Distributed Model Training

Porco Rosso.

Distributed Training

Deep learning is a subset of machine learning, a branch of artificial intelligence to perform tasks through experience. Deep learning algorithms are well suited and perform the best with large datasets, not to mention the need for high computation power. With the pay-per-use serverless service model, such as the google collab, training large neural networks on the cloud is easier than ever. While it’s possible to train huge models in a single multi-core GPU machine, it could take days and even weeks. Hence, this leads to the fundamental problem of reducing the training time.

Typically, any scaling problem is broadly addressed by scaling-up or scaling-out, i.e., horizontal and vertical scaling. Depending on the use case, vertical scaling has the limitation of maxing out at a point and often tends to be a lot more expensive in the long run, both in price and technical backlog.

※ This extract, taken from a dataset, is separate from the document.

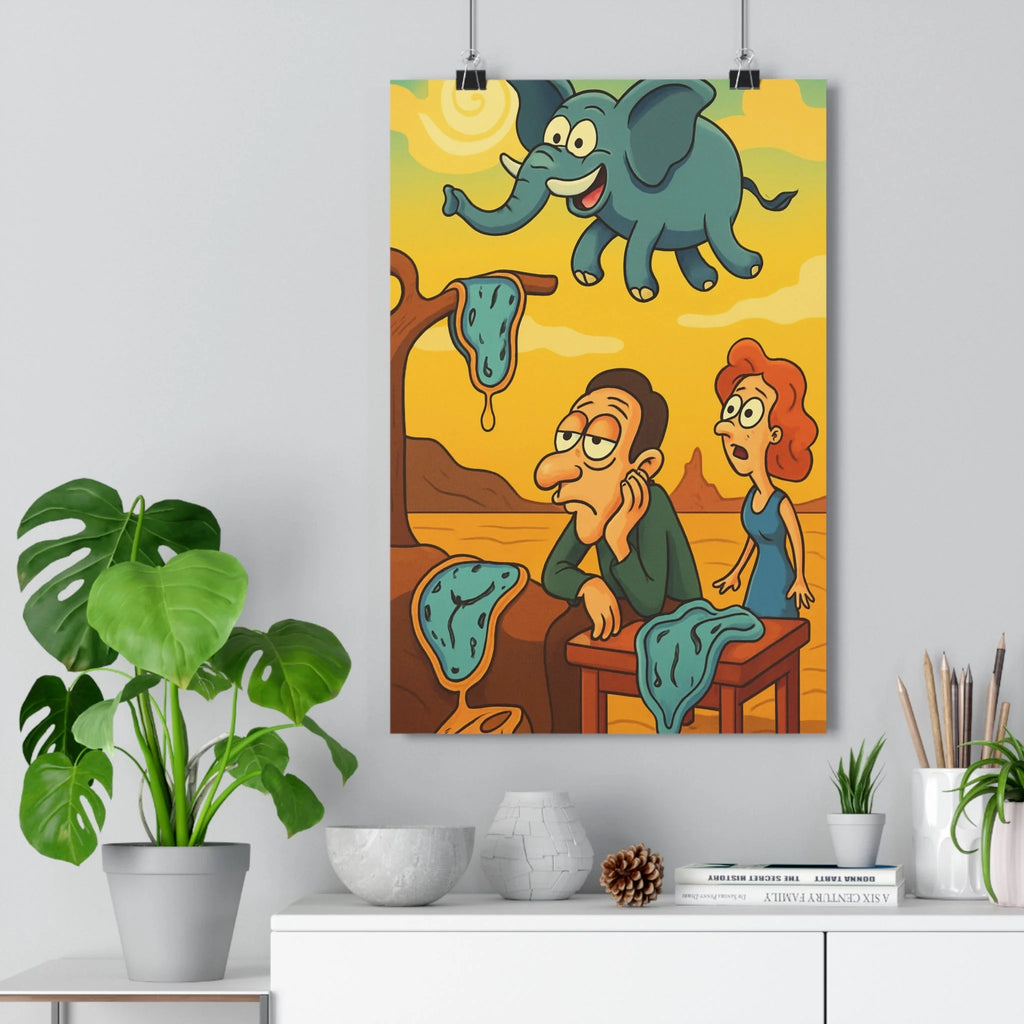 Poster elefant bleu volant surprise homme femme désert montagnes arbre sec couleur bleue verte jaune brune style cartoon humour décors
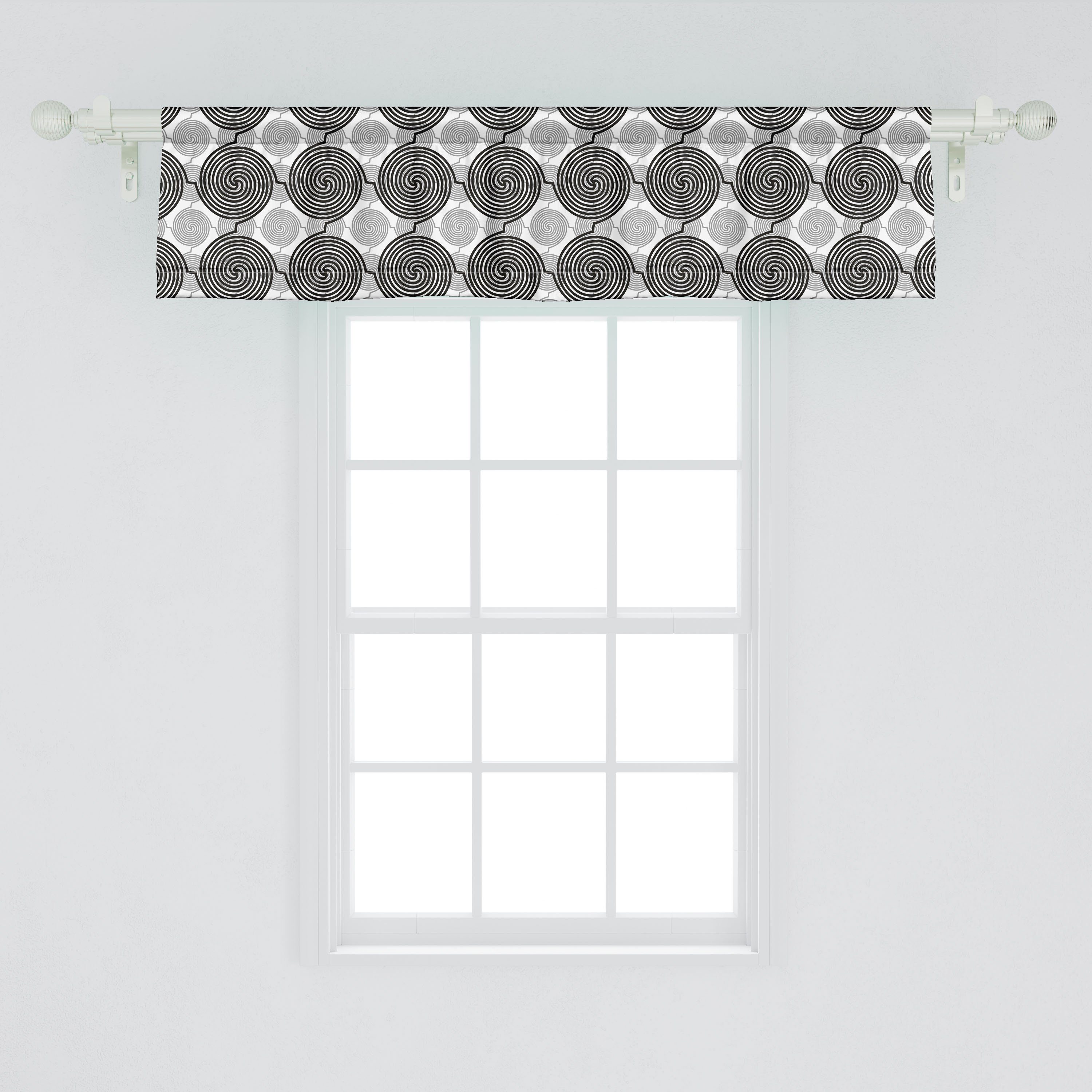 Stangentasche, Spiral Grafik Connected Küche Schlafzimmer Motive für Scheibengardine Vorhang mit Volant Dekor Abakuhaus, Microfaser,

One-liner: Distributed training distributes training workloads across multiple computation processors. Where a cluster of worker nodes works in parallel to accelerate the training process, parallelism is achieved by data parallelism or model parallelism.


Types of Distributed Training

Data Parallelism

As the name suggests, the dataset is horizontally/vertically sharded and processed parallelly. Each worker node in the cluster trains a copy of the model on a different batch of training data, communicating the computation results to keep the model parameters and gradients in sync across all nodes. The computation results can be shared synchronously, i.e., at the end of each batch computation or asynchronously.

Figure 1: Data-Parallel training.

One-liner: The entire model is deployed to multiple nodes of the cluster, and each node represents the horizontal/vertical split of the sharded dataset and the model.

Model Parallelism

On the contrary, in model parallelism, the model itself is divided into parts/layers in situations where the model size is too large for a single worker; hence a set of layers are trained simultaneously across different worker nodes. The entire dataset is copied/available to all worker nodes, and they only share the global model parameters with other workers—typically just before forward or backward propagation. Furthermore, the layers can be partitioned vertically or horizontally.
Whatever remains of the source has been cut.